Pope Francis and the Truth in Sacramental Signs


Pope Francis raises the host as he celebrates Mass in 2021 in Nicosia, Cyprus. On June 29, the pope issued an apostolic letter insisting that Catholics need to better understand the “full, conscious, active and fruitful celebration” of the Mass. (CNS Photo/Paul Haring)

In addition to Pope Francis’ passing comment in recent weeks that he intended to appoint women to decision-making positions in the Dicastery for Bishops for the first time, which he did on July 13, he made news in other ways by celebrating the feast of saints. Peter and Paul on June 29 by publishing an apostolic letter on that date entitled “Desiderio Desideravi”. The title of the text is taken from Luke 22:15, where Jesus says that he “longed” to eat the Passover meal with his disciples before undergoing his Passion. Focused on liturgical formation, “Desiderio Desideravi” is a complementary piece to his 2021 document “Traditionis Custodes”.

The first paragraphs are dotted. “No one deserved a seat at this dinner. All had been invited. Or rather: all had been drawn there by the ardent desire that Jesus had to eat this Passover with them. The pope goes on to say, “The world still does not know, but everyone is invited to the marriage supper of the Lamb (Rev 19:9). To be admitted to the feast, it is sufficient to have the wedding garment of faith, which flows from listening to his Word (cf. Rom 10:17). … We must not allow ourselves even a moment’s rest, knowing that not everyone has yet received an invitation to this Dinner or knowing that others have forgotten or become lost in it. path in the meanders of human life.

The pope is of course aware that the Eucharist is often not recognized for its most essential quality: to be the supreme gift of the divine to creation. On the contrary, it is lamentably regularly “exploited in the service of an ideological vision, whatever its hue”. His constant call is that the Church, and through the missionary efforts of the community, the whole world, recognize with amazement and amazement (in Italian, “stupore”) the paschal mystery which is made concrete and present in the sacramental signs.

The pope criticizes various distortions of the ars celebrandi, “the art of celebrating”, which can fall prey to a multitude of human manipulations. He denounces two somewhat polar reductive approaches: seeing in the liturgy “only a rubric mechanism” (sola osservanza di un apparato rubricale) and what he calls “an imaginative – sometimes wild – creativity without rules” (una fantasiosa – a volte selvaggia – creativitá senza regole).

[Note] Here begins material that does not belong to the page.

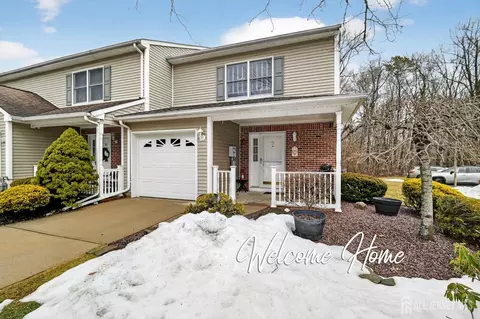 9 Parkside Dr, Spotswood, NJ 08884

The pope’s refrain from naming some overriding concerns about the modern world leads one to assume that at least most of the text was written in his own handwriting. He consistently decried spiritual worldliness, neo-Pelagianism, and the re-emergence of a type of Gnostic worship as ongoing threats to the transmission and reception of the Gospel. They all reappear here.

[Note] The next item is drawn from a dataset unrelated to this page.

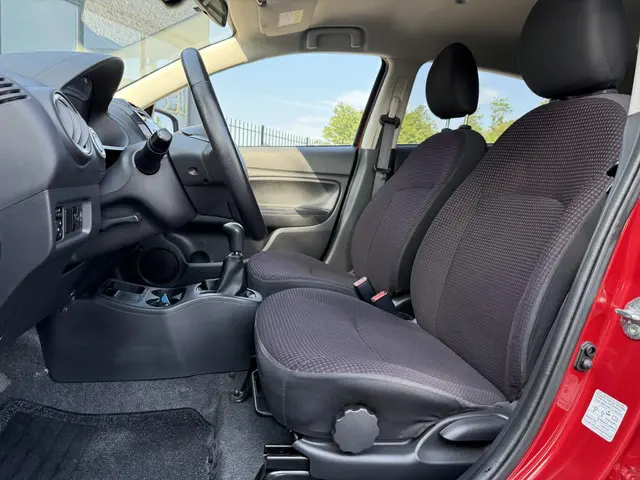Mitsubishi Space Star 1.0 Intense 2013 Benzine 7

The liturgy must be the place of an authentic encounter with beauty itself, and “beauty, like truth, always engenders wonder, and when these refer to the mystery of God, they lead to ‘worship’.

Like so many other elements of the Catholic ‘analog imagination’, a thorough theology of symbols is absolutely essential to form a believer’s worldview, and is therefore sorely lacking today. One of Pope Francis’ (and Pope Benedict’s) favorite theologians is Romano Guardini. The current Holy Father even once considered doing doctoral research on his work before being called instead to the administrative leadership of the Jesuits and the Archdiocese of Buenos Aires.

In “Desiderio Desideravi,” Pope Francis cites the German-Italian theologian’s diagnosis that the contemporary person has become illiterate when it comes to the interpretation of symbols and the ability to use them effectively in light of Christian hope. This has disastrous consequences for sacramental and liturgical theology. He calls us to be reinitiated into the proper use of symbolic language, without ever allowing ourselves to be “deprived of such richness”.

The document ends with a nod to two fundamental elements of Christian tradition: the Sacrosanctum Concilium of the Second Vatican Council and the writings of Saint Francis of Assisi. Both encourage an ongoing life of deeper engagement with the liturgy, with that trembling (even “frightening”) reality that God hides in the mundane ordinariness of the “appearance of bread” (apparenza di pane). God therefore “ardently desires” that each of us know him in the liturgy, and we should therefore, in response, “withhold nothing of you for yourselves, that he who gives himself totally to you may receive you totally”.

Originally from Collingswood, Michael M. Canaris, Ph.D., teaches at Loyola University Chicago.